Yayında Olan Eserlerim

3 Kasım 2017 Cuma

Halk Ozanı Aşık Süleyman, Demeleri

Aşık Süleyman
                        
Otuzlu yılların ortalarında, Revânî Gürün'de bir sazcı dükkanına girdi. Yanında saçı sakalı dağnık, kaba saba bir adam vardı. Revânî bir bağlama alacaktı. Sazcı üstleri baş­ları dağnık bu adamları üstün körü selamladı. Revânî, duvar­da asılı bağlamaları tek tek gözden geçirdi. Birini gözü tuttu. Evirip çevirip biraz daha baktı, bir denedi, ardından sazı ar­kadaşına uzattı:
“Aşık şu saza bir bak hele, alayım mı?”
Aşık Süleyman bağlamayı kucağına yerleştirirken sazcı göz ucuyla pis pis baktı. Böylesine saçı başı dağnık birinin saza el atması canını sıkılmıştı belli.
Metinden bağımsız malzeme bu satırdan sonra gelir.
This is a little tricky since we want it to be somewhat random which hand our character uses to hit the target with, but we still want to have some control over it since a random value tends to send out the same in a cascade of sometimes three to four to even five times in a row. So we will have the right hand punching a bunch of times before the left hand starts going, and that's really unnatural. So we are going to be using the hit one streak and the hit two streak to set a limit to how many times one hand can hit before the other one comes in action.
Ama ses çıkarmadı. Aşık Süleyman bir iki perdeyi oynattı, tezeneyi eline aldı bağla­manın tellerine vurmaya başladı. Bağlamayı ötüyordu. Aşık Süleyman elindeki bağlamayı çalmıyor; konuşturuyordu. Sazcı işinden başını kaldırdı. Bağlamanın vuruşlarına kap­tırmıştı kendini. Şaşkınlık, hayranlık, suçluluk karışımı bir bakıştı bu. Aşık Süleyman durumun ayrımında değildi. Her şeyi izleyen tek kişi Revânî'ydi. Sazcının gözleri süzüldü, elinden keski düştü.  Kendisini unutmuştu. 
Harabat ehline hor bakma şakird
Defineye malik viraneler var
Sanki bu dizelerde vurgulana derinliği algılıyordu. Sazcı kendini unutmuştu. 
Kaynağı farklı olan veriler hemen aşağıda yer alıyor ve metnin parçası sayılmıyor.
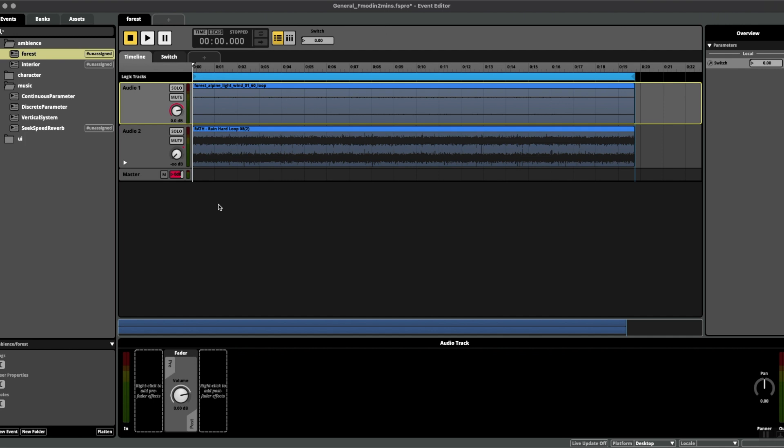What I have here is a simple ambience loop of some wind and rain. What I want to do is add the rain to the wind as an additional layer. If you listen to what happens right now when I jump from zero to one, it's quite an instantaneous switch, quite an abrupt change, and that's what we're going to fix today. Have a listen.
"Fahri" tapşırması ile deyişler yazardı. Ama o Mamaş bağlama geleneğinin en özgün kişiliklerinden biriydi. Deli Derviş'ten sonra geleneksel bağlamanın tek ustasıydı. Soyadı yasası çıktığında "Fırtına" soyadını almıştı. Gerçekte bu adı ona kaymakam vermişti. "Sen fırtına gibi saz çalıyorsun. Senin soyadın "Fırtına" olsun" demişti.
Gerçekten fırtına gibi doludizgin çalardı Aşık Süleyman. Otuzlu yıllarda ilçe büyükleri­nin sofrasının eksiği çekilen sazcısıydı. Suzânî, Revânî ve oğlu Haydar'la birlikte bu sof­ralarda saz döktürürdü. Ama bağlaması ne ölçüde tatlıysa, sarhoşluğu o ölçüde tatsızdı, çekil­mezdi. İster köyde içsin, is­terse bu büyüklerin masalarında içsin, sarhoş olunca kişiliğini yiti­rirdi. Bu yüzden zaman zaman bu sofraların dışına itilme­ye başladı. Ve bu durum ona çok ağır geldi.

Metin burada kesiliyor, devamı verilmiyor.